Gender gaps in the stock market
For this essay, I asked a number of female acquaintances why they are hesitant about investing in the stock market, and the prevalent reaction was that the industry is male dominated. Looking at it from a demographic standpoint reveals an issue that is sometimes neglected in finance and investment as studies show that there has been a considerable gender investment gap for decades, since males have traditionally been far more inclined to invest than women. The Motley Fool also states that the gender wage gap limits how much women can save and invest, especially in the current financial climate when combined household incomes are still insufficient to meet costs. With this in mind, how are women to feel encouraged to invest?
Furthermore, research by Wells Fargo in 2022, shows that single female and female-led joint accounts had the highest risk-adjusted returns in comparison to returns for single male and male-led joint accounts. This statistic illustrates how women have a more successful approach to investing with characteristics like being conservative and less impulsive. However, without the confidence in their abilities and results, women do not feel encouraged to take these steps and make these decisions.
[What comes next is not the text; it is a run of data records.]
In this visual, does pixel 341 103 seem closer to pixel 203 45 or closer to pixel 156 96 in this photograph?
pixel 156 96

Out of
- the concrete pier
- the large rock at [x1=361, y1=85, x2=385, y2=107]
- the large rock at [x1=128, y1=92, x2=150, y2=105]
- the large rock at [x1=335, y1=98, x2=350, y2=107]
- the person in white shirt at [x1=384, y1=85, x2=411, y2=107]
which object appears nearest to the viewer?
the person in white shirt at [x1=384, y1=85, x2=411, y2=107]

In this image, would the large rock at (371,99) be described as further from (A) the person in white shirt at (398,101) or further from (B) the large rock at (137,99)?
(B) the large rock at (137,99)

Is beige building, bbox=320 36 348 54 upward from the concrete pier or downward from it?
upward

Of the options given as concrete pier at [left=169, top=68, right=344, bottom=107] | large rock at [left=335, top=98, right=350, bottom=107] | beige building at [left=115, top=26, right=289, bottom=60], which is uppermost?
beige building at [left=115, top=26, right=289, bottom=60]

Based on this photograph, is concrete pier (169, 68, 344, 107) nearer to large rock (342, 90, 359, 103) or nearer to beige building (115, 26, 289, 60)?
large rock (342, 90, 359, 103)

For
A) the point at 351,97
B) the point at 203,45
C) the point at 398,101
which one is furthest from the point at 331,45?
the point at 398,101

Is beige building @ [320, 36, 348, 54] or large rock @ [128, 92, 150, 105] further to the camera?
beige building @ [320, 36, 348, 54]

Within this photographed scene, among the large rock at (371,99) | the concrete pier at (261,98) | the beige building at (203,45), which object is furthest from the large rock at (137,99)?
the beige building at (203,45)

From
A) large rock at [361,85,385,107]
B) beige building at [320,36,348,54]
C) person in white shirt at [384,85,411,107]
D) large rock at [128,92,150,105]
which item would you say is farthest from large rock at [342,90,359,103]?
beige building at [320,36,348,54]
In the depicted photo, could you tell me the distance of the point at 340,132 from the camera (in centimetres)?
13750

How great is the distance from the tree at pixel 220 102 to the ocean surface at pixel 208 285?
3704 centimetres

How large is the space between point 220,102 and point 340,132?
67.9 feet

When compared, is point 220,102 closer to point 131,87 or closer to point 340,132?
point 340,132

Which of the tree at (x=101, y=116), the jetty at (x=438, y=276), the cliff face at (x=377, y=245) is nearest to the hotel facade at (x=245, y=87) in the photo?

Therefore, in order to encourage general consumers to invest in the stock market, I believe the issue should be approached by addressing why each demographic may not want to invest.
Other methods include regulation of the consumer investment market by the FCA (i.e., Consumer Duty) to improve consumer confidence, educate consumers about fraud and pyramid schemes on social media and discouraging young people from taking financial news from platforms like Reddit which falls under the Blogs and social media section of Unit 4 topic 4 in the DipFS curriculum.